- Origin: San Francisco, California, United States
- Genres: Hardcore punk, punk rock, melodic hardcore
- Years active: 2003–2006, 2013-current.
- Labels: Fat Wreck Chords, No Idea
- Members: Jason Hall Ken Yamazaki Chad Williams Mitch Paglia
- Past members: Sam Johnson Tyson "Chicken" Annicharico Tony Teixeira

= Western Addiction =

American punk rock band

Western Addiction is an American punk band based in San Francisco, California, United States. The band was formed by four veterans of the punk scene. Some of the members previously worked for Fat Wreck Chords.

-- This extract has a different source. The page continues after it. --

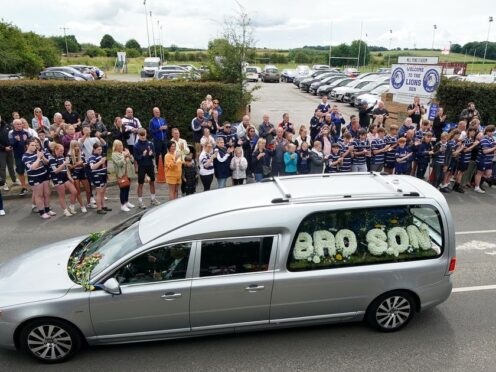 The funeral cortege passes through Featherstone town centre (Peter Byrne/PA)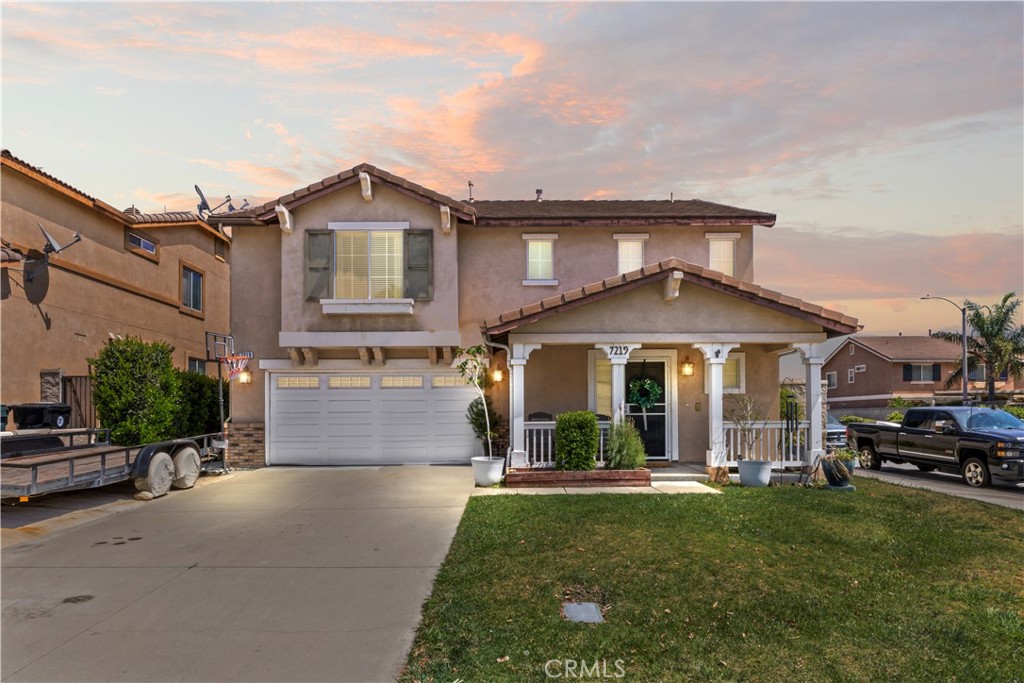 7219 Birch Tree Place Fontana, CA 92336 - Photo 2 of 49 a front view of a house with a yard and garage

They have toured internationally in both the USA, Europe, and Japan.

==Members==
- Jason Hall - Vocals
- Ken Yamazaki - Guitar
- Mitch Paglia - Bass
- Chad Williams - Drums

==Past members==
- Sam Johnson - Bass/Vocals
- Tyson "Chicken" Annicharico - Bass/Vocals
- Tony Teixeira - Guitar

==Discography==
===Albums===
- Cognicide (2005)
- Tremulous (2017)
- Frail Bray (2020)
- Psychedelic Munitions (2026)

===EPs & 7"s===
- New Mexican Disaster Squad/Western Addiction Split (2004)
- Remember to Dismember (2003)
- Pines (2013)
- I'm Not the Man That I Thought I'd Be (2015)

==Trivia==
- Ken Yamazaki played in Enemy You, and also in Dead to Me with bandmate, Chicken.
- Chicken plays in Dead to Me and was nominated as 'Sexiest Vegetarian' by PETA in 2006.
- Chad Williams plays in Complaints and formerly Radio Reelers.
- Sam Johnson played in Dead to Me, No Friends, VRGNS and New Mexican Disaster Squad.
- Tony Teixeira currently plays bass with Swingin' Utters.